The canonical example for the package right now is the cachesrv caching file server; the package also ships with unit tests and benchmarks:

$ go test -test.bench=Bench
[+] testing cache start up and shutdown: ok
[+] ensure item expires after ExpireItem: ok
[+] ensure accessing an item prevents it from expiring: ok
[+] validate file modification expires item: ok
[+] testing asynchronous file caching: ok
[*] item cached in 20µs
[+] testing background expiration: ok
[+] validating item limit on cache: ok
[+] validating no time limit expirations: ok
[+] testing transparent file reads: ok
PASS
BenchmarkAsyncCaching      10000            105571 ns/op
BenchmarkSyncCaching       50000             63304 ns/op
ok      github.com/gokyle/filecache     14.038s

If you run the tests, you should run from the filecache directory; I've used the source code as a test file in some of the tests. The tests will take a little bit of time to complete; the expiration schedulers and cache expiries are all specified in seconds, and therefore there are several delays in the tests to ensure expirations occur (or don't occur) in a timely manner.

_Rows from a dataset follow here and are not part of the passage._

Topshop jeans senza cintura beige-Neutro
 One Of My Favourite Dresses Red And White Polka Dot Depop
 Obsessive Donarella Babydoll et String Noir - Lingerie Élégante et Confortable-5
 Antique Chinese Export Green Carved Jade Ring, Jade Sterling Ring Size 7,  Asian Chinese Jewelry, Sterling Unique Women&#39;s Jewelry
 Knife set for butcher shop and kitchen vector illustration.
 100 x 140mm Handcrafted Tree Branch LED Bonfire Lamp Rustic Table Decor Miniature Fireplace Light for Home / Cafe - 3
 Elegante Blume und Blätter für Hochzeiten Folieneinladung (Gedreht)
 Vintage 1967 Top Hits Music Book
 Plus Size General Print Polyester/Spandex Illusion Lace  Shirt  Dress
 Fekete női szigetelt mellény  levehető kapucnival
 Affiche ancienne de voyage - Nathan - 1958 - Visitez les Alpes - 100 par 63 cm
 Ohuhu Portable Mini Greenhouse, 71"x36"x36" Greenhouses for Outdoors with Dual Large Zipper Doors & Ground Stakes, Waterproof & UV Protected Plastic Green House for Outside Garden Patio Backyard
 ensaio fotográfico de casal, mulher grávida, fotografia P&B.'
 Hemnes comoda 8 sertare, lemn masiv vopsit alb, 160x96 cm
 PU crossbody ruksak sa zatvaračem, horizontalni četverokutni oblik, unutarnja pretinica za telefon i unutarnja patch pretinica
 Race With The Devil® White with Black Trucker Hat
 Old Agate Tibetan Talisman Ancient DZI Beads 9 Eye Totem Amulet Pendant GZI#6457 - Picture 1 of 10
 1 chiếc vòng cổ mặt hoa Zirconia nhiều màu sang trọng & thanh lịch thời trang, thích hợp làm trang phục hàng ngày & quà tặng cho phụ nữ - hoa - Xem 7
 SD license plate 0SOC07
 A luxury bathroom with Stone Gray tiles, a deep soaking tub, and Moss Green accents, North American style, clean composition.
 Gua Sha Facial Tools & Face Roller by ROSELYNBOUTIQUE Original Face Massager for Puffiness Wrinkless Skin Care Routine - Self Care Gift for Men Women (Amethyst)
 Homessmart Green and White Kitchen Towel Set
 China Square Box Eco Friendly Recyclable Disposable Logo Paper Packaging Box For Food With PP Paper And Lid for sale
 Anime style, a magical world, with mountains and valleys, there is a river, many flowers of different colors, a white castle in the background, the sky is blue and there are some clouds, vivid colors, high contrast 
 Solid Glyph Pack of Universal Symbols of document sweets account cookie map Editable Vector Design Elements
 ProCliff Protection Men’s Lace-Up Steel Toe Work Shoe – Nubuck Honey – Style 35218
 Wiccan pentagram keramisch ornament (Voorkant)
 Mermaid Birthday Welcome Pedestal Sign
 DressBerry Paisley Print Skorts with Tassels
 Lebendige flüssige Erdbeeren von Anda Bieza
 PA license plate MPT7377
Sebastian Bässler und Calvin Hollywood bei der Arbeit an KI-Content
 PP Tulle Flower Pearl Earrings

The source code is available on Github; I've also created a Github page which is just a pretty version of the README file that ships with the package (which is itself just a conversion of the Godoc output to markdown). You can install via go get:

 $ go get github.com/gokyle/filecache
 $ go install github.com/gokyle/filecache

Alternatively, you can clone the repository; to build with the Go toolchain:

 $ git clone https://github.com/gokyle/filecache.git
 $ cd filecache
 $ go build
 $ go install

The package is licensed under an ISC license; it is also well documented, so you can get more information using godoc: godoc github.com/gokyle/ to view the output on a terminal, or run godoc -http=":8080" in your terminal, and pull up "http://localhost:8080/pkg/github.com/gokyle/filecache" in your browser.

Basic Usage

The first thing that needs to be done to use the package is to import it:

import "github.com/gokyle/filecache" or add

"github.com/gokyle/filecache"

to your import list.

There are two ways to create a new cache; the most useful is NewDefaultCache. This creates a new cache that has a maximum file size of 16MB, will store at most 32 items, will keep files in cache for 5 minutes, and checks for expired files every minute. You can change the defaults by changing the default variables in your code. You can also change these per-cache by directly accessing the revelent cache field. The defaults are named Default; so, for example, to change the maximum file size on a particular cache, set myCache.MaxSize. To change the maximum file size for new caches, set filecache.DefaultMaxSize.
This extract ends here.